One legacy of using Textpattern is that all my posts were formatted using Textile. In the course of time, Markdown has seemingly won out almost everywhere, and Jekyll itself expects Markdown to be used (although the Textile Converter plug-in is available.) I still use Textile, using that converter. While I do prefer Markdown’s link syntax and a handful of features, the one thing that it’s missing that Textile supports is easy use of italic tags alongside em. Markdown avoided ‘confusion’ over the use of * and _ by making them identical, with doubling being the distinguishing feature, to handle em and strong HTML tags respectively. In Textile these symbols are sensibly distinct, and the doubled version is used to indicate whether italic should be used instead of em, making it easier to have both in your text. If you are wondering why I want that, it’s because I’m often using algebraic variables or terms that should be using italic. In truth, I rarely use em, but it is good to have an easy way to use both.

Something that I did give up when switching from Textpattern was the ability to create and edit posts directly via the site itself. When I was traveling and had very limited internet access, that was invaluable. Jekyll doesn’t do that on its own, since it does not ‘run’ while the site is active, it just generates the pages. That’s more of an advantage for me now, since I use Nearly Free Speech to host the site, and it’s very inexpensive if the site is static with no databases. Now technically, since Jekyll could process the pages and make a new site quickly, I could set things up to just use a text editor, put the file on the site, and regenerate it on-the-fly. In practice, since I use my laptop to write the posts now anyway, I don’t really have a need for that. In fact, I don’t even run Jekyll on the site’s server.

Initially I did edit files on my side, uploaded them, and then ran Jekyll to build it on the site. However, I wanted something that didn’t require as much interaction, since at the time I would have to log in and build it manually. I could have set up a script that would trigger when the files were uploaded and then build the site. The problem was, what happened when there was an error and the site was not rebuilt? I needed to not just be sure that the file was uploaded, but also get feedback on the Jekyll error, and then run through the process again until it worked correctly.

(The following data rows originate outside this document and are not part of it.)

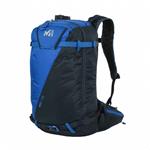 کوله پشتی اسکی میلت فرانسه Millet Rucksack - blau NEO 30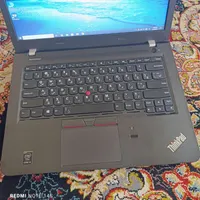 لپ تاپ لنوو مدل E450 RAM8 128G|رایانه همراه|ورامین, |دیوار
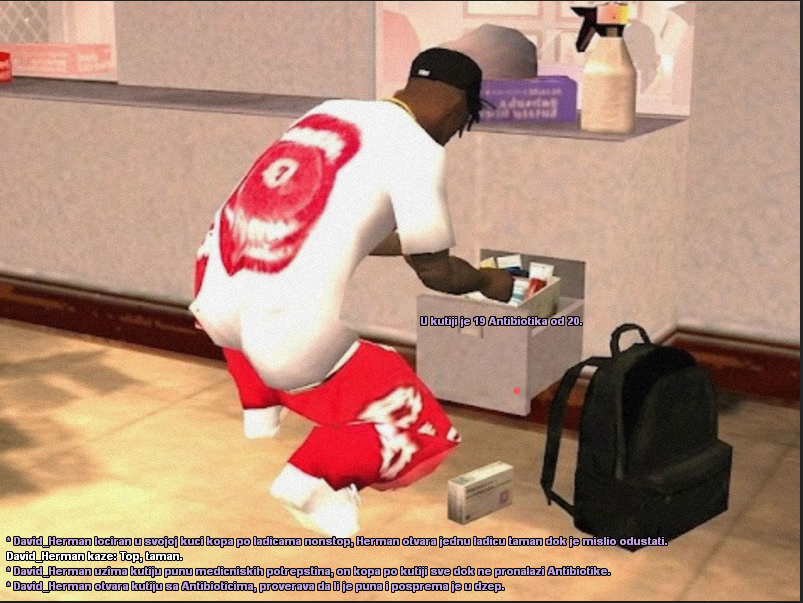 image.png.81efbe9141e1f9fb7142eee07ec4babd.png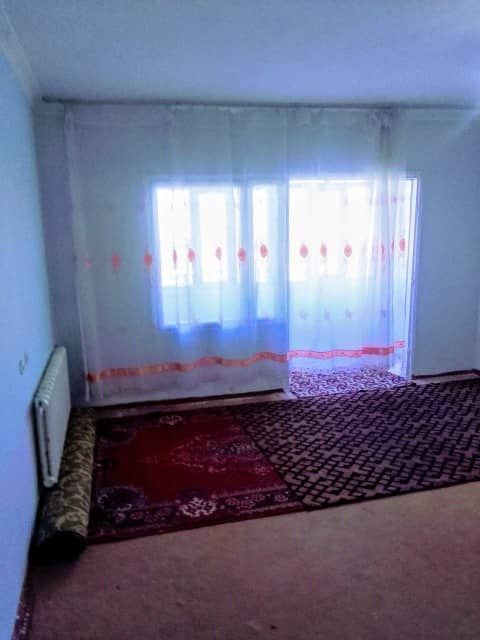 Продается квартира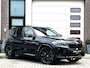 BMW X3 xDrive30e M-Sport All Black Pack Turbo 293 PK / Panodak / Head Up / Apple CarPlay / Laser Led / Leder M-Sport Int M Blauw Stiksels / Navi / 20" M-Sport Velg / NW Prijs € 86512,- / 1e Eigenaar!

It was tedious to edit, upload, and then have to check to see if there were any errors reported from the generation process. And as often as not I also wanted to test the site locally before making some change, to see how it looked before making it live. While a more complicated script (or some other system on top of Jekyll) might handle that, I wanted it to remain simple. In the end, it was easier to generate the entire site locally, and only upload the final product. I use git to keep them in sync, and to ensure a stable version if I need to revert some changes (just in case, though I’ve never had to actually use this capability). It lets me do all the editing and testing on my own machine at my leisure, and also limit server usage to only keeping the files of the actual site itself. In theory, it would also work just as well if I stopped using Jekyll, as long as whatever I used created a complete site.

While it might also reduce the files stored on the server, in practice I do something that effectively keeps a second copy of the whole site. The git directory I upload to is not the one the server uses as the site (in NFSN, the ‘public’ directory). Instead, I have a post-commit hook script that copies all the files out of the repository. Here’s the heart of it:

mkdir -p $TMP_GIT_CLONE
git archive master --format=tar | tar -x -f - -C $TMP_GIT_CLONE
rsync -rlt -vi --delete $TMP_GIT_CLONE/_site/ $PUBLIC_WWW


It first uses git to create an archive (a copy that doesn’t include the repository history) and outputs that to a temporary directory. Then rsync is used to copy the files to the public site (i.e. directory). The first set of options to rsync there are -rlt to copy recursively, include links, and copy file modification times. The -vi options output an itemized list of changes for monitoring the process during the upload, and the delete option removes the files on the server that are not in the current repository. Afterward, the temporary copy of the git repository is removed. Using this method, the public site never has any files but the latest version from the repository, and none of the git history. The rsync copy step might not be strictly necessary, though it gives me a little bit of peace of mind about some file copying errors. There’s maybe also a reduction of the brief time window during which files on the server might be changing, but given the static nature of the site, and relatively fast internet connections, that doesn’t amount to much of an issue these days.

As mentioned, there probably is enough for me to do another post on the recent updates, most particularly the changes to the photo gallery. I make no promises about when to post it, but I expect it to appear in less then ten years.